We consider the set S of analytic billiards with negative curvature satisfying the following property:
for any rational rotation number, there exists a hyperbolic periodic orbit whose stable and unstable manifolds intersect tansversally along a homolinic orbit.
And we prove that the set S is residual among analytic billiards with negative curvature with the ususal analytic topology.
This result is a consequence of the Baire property and the main result of this work, which reads:
Fixing a rational rotation number p/q, we can prove that the set of analytic billiards with negative curvature having a hyperbolic periodic orbit of rotation umber p/q whose stable and unstable manifolds intersect tansversally along a homolinic orbit, is open and dense.

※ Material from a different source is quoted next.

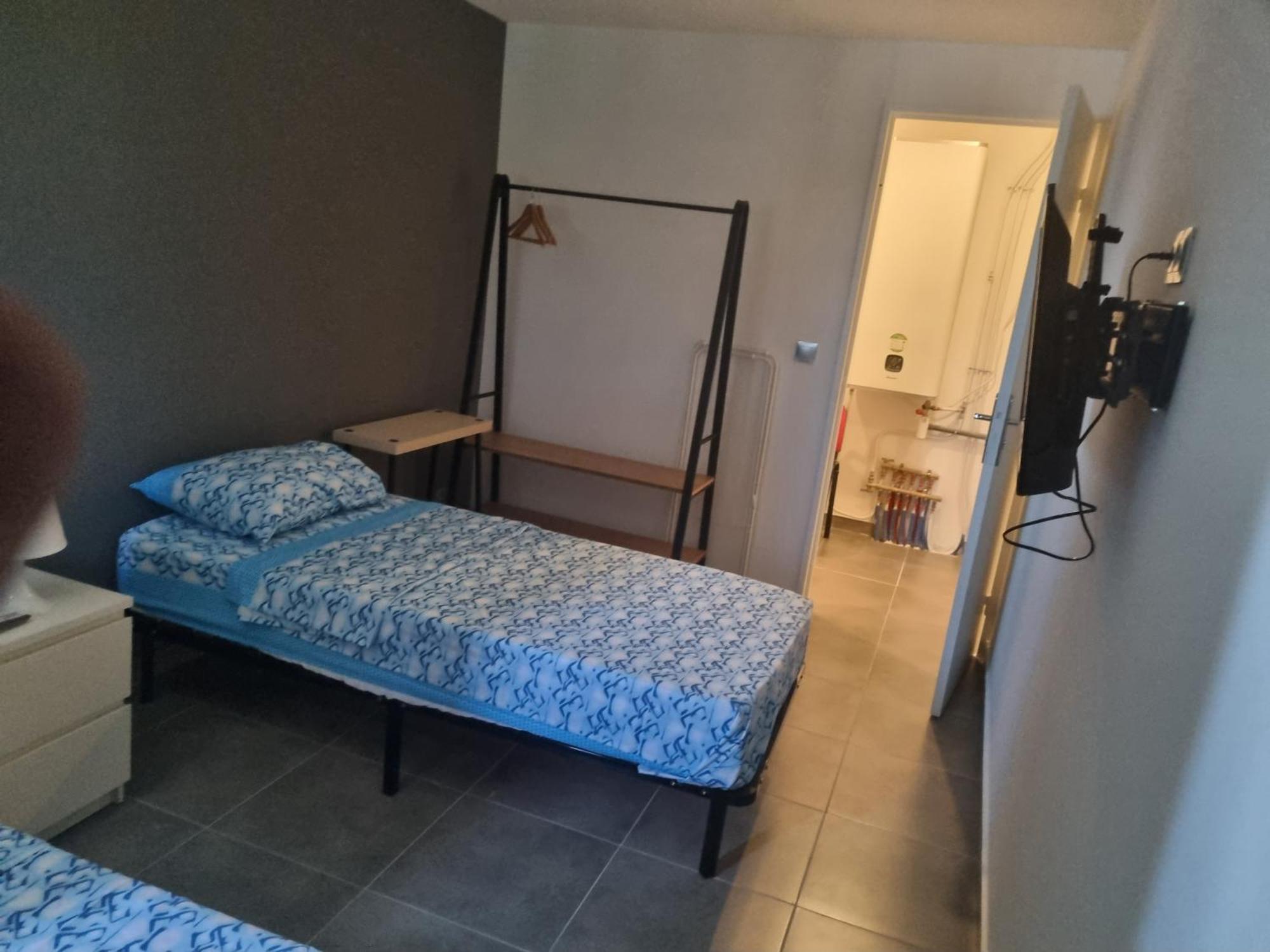 Chambre Privative Renove 2024, Climatisation, Tramway Sur Place , 12 Min Centre, 16 Min Plage, Apercu Lateral Mer, 2 Wc Avec 2 Salle De Bain, Private Room Renovated 2024, Air-Conditioned , Tram On Spot, 2 Toilets And 2 Bathrooms Nice Exteriör bild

As a consequence of our results, we have that chaotic billiards are dense among analytic biliards.
Our proof combines Aubry-Mather theory to study periodic orbits of any rotation number as well as their heteroclinic trajectories, with the work by Zehnder on planar twist maps with elliptic points in the 1970's, which provides a methodology for constructing analytic perturbations of maps in order to obtain transversality between the invariant
manifolds of hyperbolic periodic orbits.
This is a joint work with Imma Baldomá, Anna Florio and Martin Leguil.
Note: This talk is part of the activity of the MIUR Department of Excellence Project MatMod@TOV (2023–2027).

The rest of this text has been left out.